→ Supplied information
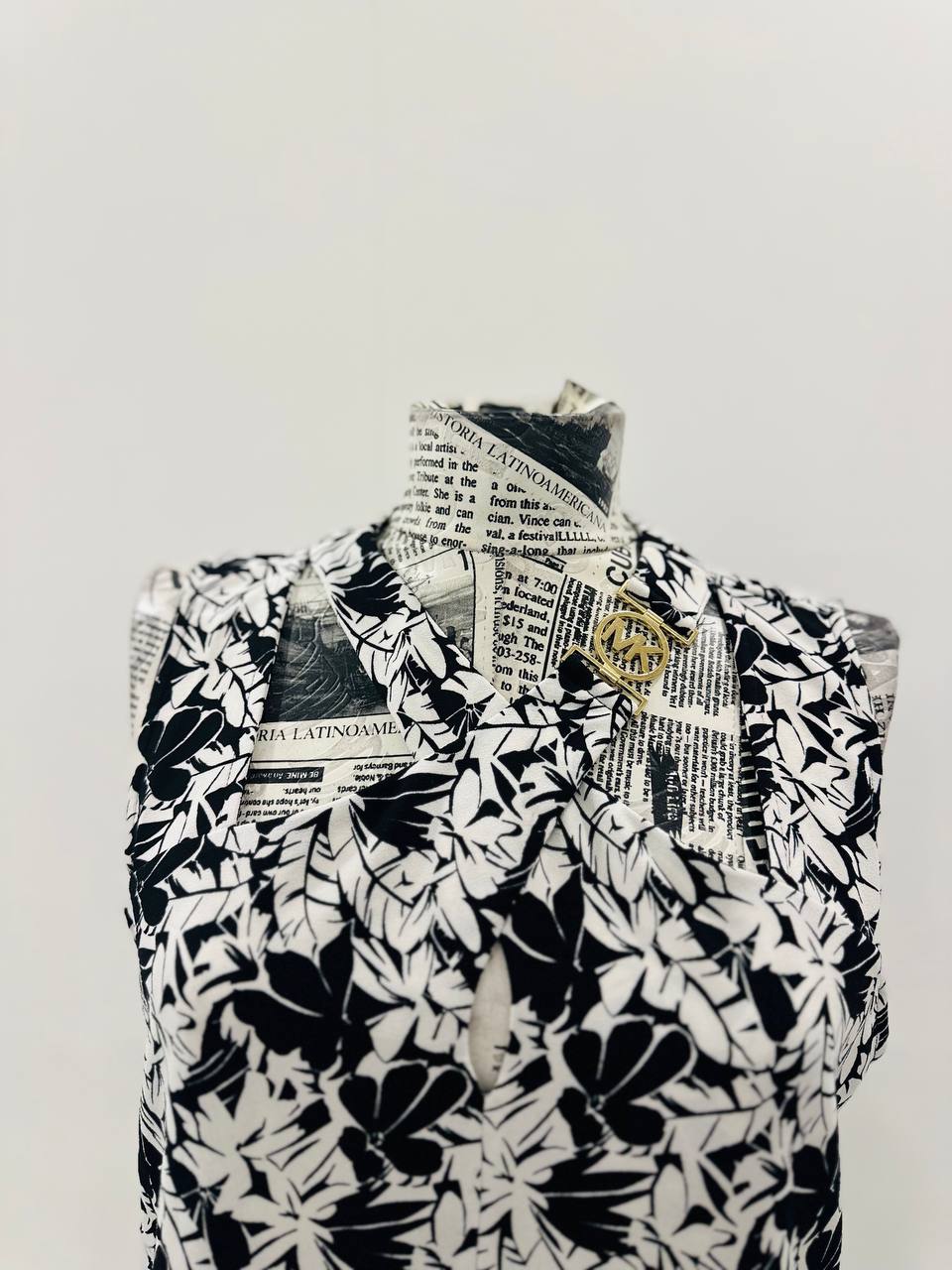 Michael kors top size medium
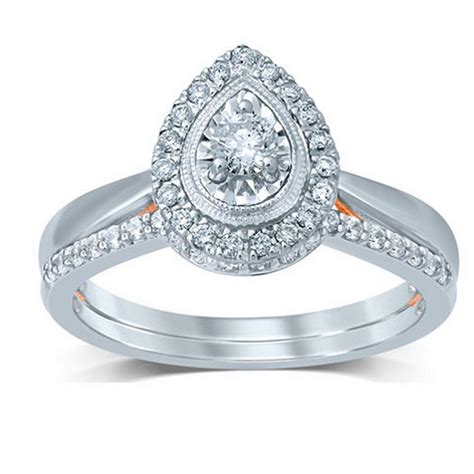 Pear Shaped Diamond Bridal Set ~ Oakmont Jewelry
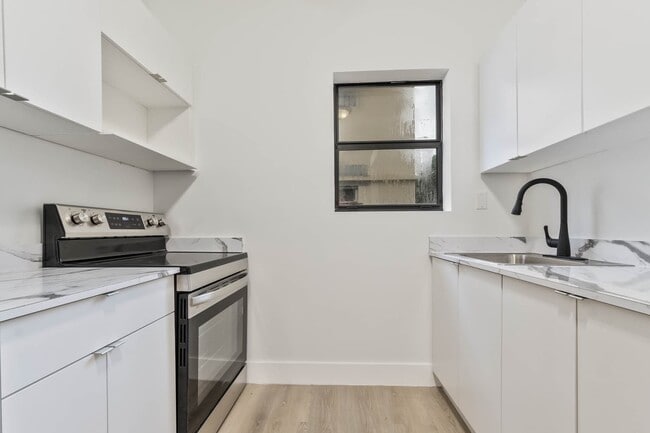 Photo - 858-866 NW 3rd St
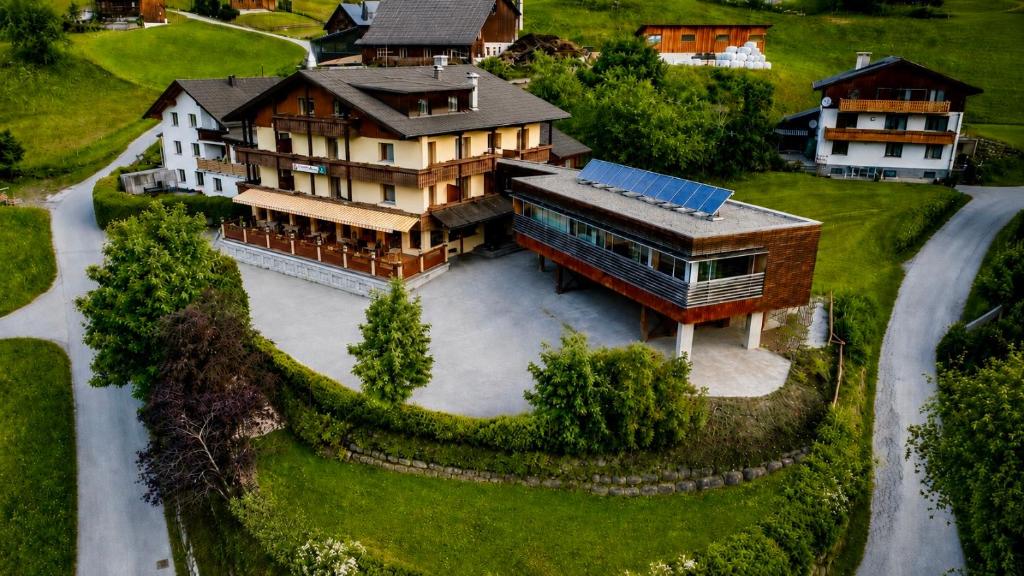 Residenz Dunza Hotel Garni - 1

...

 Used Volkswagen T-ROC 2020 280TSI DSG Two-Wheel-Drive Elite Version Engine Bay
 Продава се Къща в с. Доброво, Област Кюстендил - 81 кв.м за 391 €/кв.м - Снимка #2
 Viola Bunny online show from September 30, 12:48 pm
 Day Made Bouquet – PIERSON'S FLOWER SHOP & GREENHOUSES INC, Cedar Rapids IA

→ What is required
Output only the stretch above from the line with "Michael kors top size medium" through the line with "Residenz Dunza Hotel Garni - 1", reproduced exactly. Exclude pictures.

→ Answer for this exercise
 Michael kors top size medium
 Pear Shaped Diamond Bridal Set ~ Oakmont Jewelry
 Photo - 858-866 NW 3rd St
 Residenz Dunza Hotel Garni - 1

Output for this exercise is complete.